In der Gesundheitspolitik geht es immer auch um Machtfragen.

Foto: apa/fohringer

Die Untergruppe Gesundheit hat geliefert, nun müssen die Chefverhandler um ÖVP-Obmann Sebastian Kurz und FPÖ-Obmann Heinz-Christian Strache entscheiden, ob sie die Vorschläge übernehmen.

Foto: cremer

Wien – ÖVP und FPÖ wollen das heimische Gesundheitssystem gröber umbauen. Bei den Koalitionsverhandlungen der Untergruppe Gesundheit wurde, wie dem STANDARD bestätigt wurde, ein Modell außer Streit gestellt, das zu einer deutlichen Reduktion der Sozialversicherungsträger (derzeit gibt es 21) führen würde.

  • Unselbstständige: Die neun Gebietskrankenkassen sollen zu einer Art Unselbstständigenkasse zusammengelegt werden. Sie soll aber nicht nur für die Krankenversicherung, sondern auch gleich für die Unfallversicherung zuständig sei. Eine eigene Unfallversicherungsanstalt (AUVA) würde es also nicht mehr geben.

  • Selbstständige: Die Sozialversicherungsanstalten der Selbstständigen (SVA) und jene der Bauern sollen ebenfalls fusioniert werden. Auch diese Selbstständigenkasse würde sich dann gleich um die Unfallversicherung ihrer Mitglieder mitkümmern. In der Vergangenheit gab es bereits wiederholt Anläufe, diese beiden schwarzen Kassen zusammenzulegen, das scheiterte aber immer an internen Widerständen.

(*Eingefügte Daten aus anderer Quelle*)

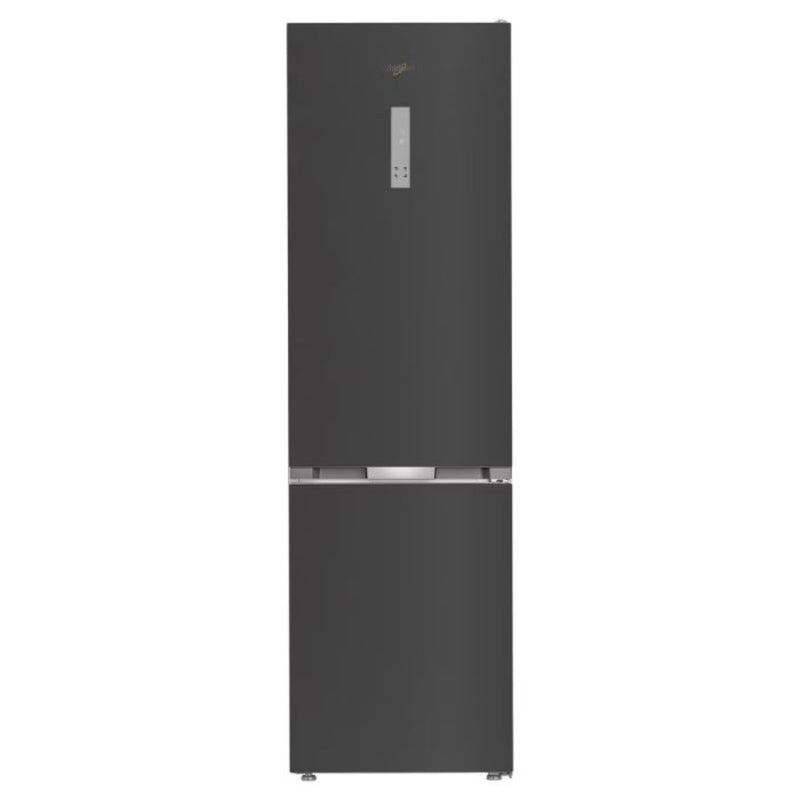 Whirlpool 355L Frost Free Freestanding Fridge Freezer - Black | WHK26403XBR6UK from Whirlpool - DID Electrical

  • Beamte: Die Versicherungsanstalt der Beamten soll eigenständig bleiben, zu ihr würden aber die 16 Krankenfürsorgeanstalten, die Länder und Gemeinden für ihre Bediensteten derzeit außerhalb des Hauptverbands der Sozialversicherungsträger betreiben, kommen.

  • Eisenbahner: Die Sozialversicherungsanstalt der Eisenbahner bliebe erhalten. Sie wurde bereits 2005 mit dem Bergbau fusioniert und bietet, wie auch die Beamtenkasse, jetzt schon Kranken-, Unfall- und Pensionsversicherung unter einem Dach an.

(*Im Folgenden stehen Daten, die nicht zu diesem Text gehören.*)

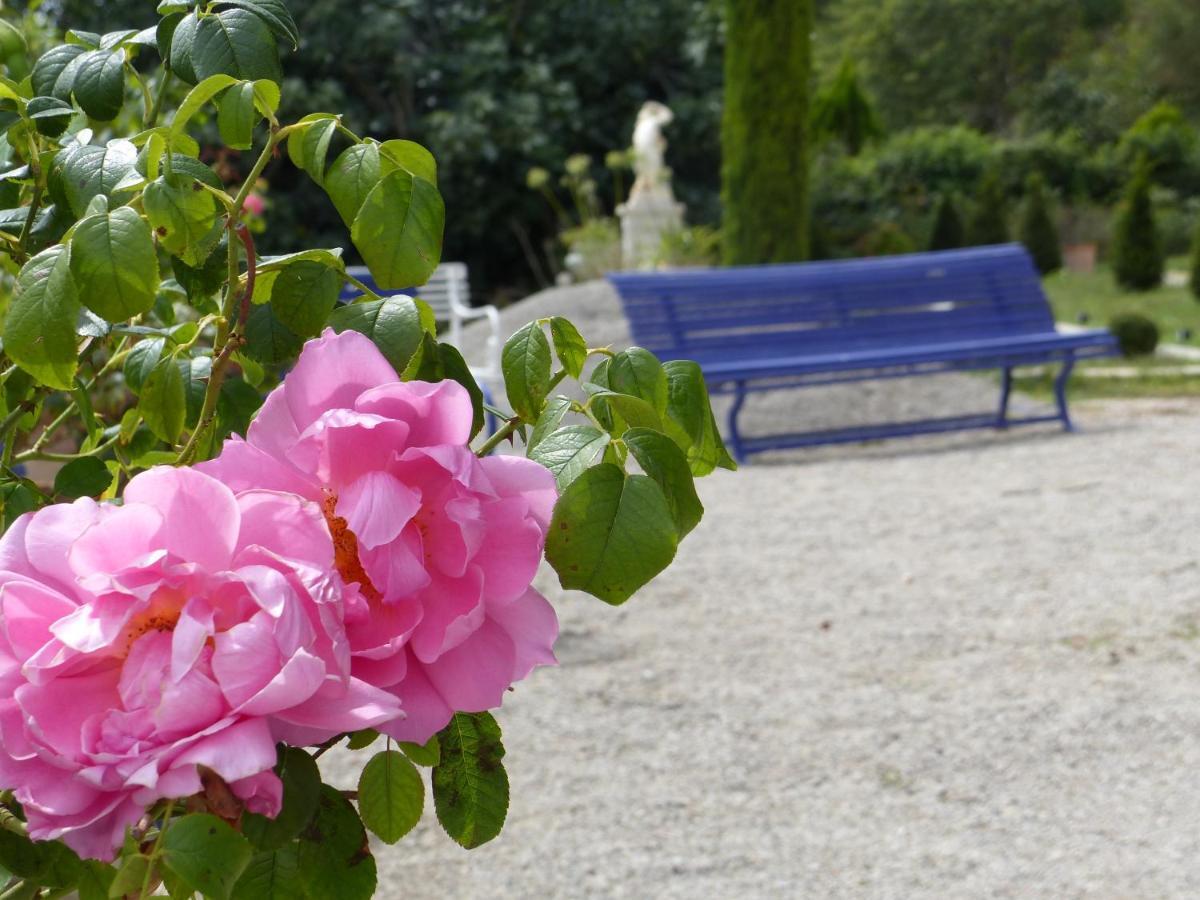 Château du Grand Jardin Valensole Exterior foto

  • PVA: Die Pensionsversicherungsanstalt soll ebenfalls bleiben. Hier gab es bereits 2003 eine Fusion der Pensionsversicherungsanstalten für Arbeiter und Angestellte.

  • Betriebskassen: Ebenso unangetastet blieben die fünf bestehenden Betriebskrankenkassen (Voestalpine, Verkehrsbetriebe, Mondi, Zeltweg, Kapfenberg), die aber de facto keine große Rolle spielen.

Die Zahl der Träger würde also von bisher 21 auf zehn sinken. Geändert werden soll aber der Beschickungsmodus der Anstalten. Gemäß dem Selbstverwaltungsprinzip sitzen in den Gremien derzeit Arbeitnehmer- und Arbeitgebervertreter (entsprechend dem Ergebnis bei Arbeiterkammer- und Wirtschaftskammerwahlen).

Chefs am Zug

Nun denkt man an ein Verwaltungsratsmodell nach dem Vorbild des AMS. Die Politik würde also einen Teil der Posten vergeben können. Über den genauen Modus – das ist der machtpolitisch heikelste Teil – herrscht aber noch Dissens, ebenso über die genaue Rolle des Hauptverbands, also der Dachorganisation. Am Donnerstag werden sich die Chefverhandler um Sebastian Kurz und Heinz-Christian Strache mit den Vorschlägen beschäftigen. Ob sie dem Modell folgen oder ein anderes wählen (diskutiert wurden verschiedene Varianten), ist offen.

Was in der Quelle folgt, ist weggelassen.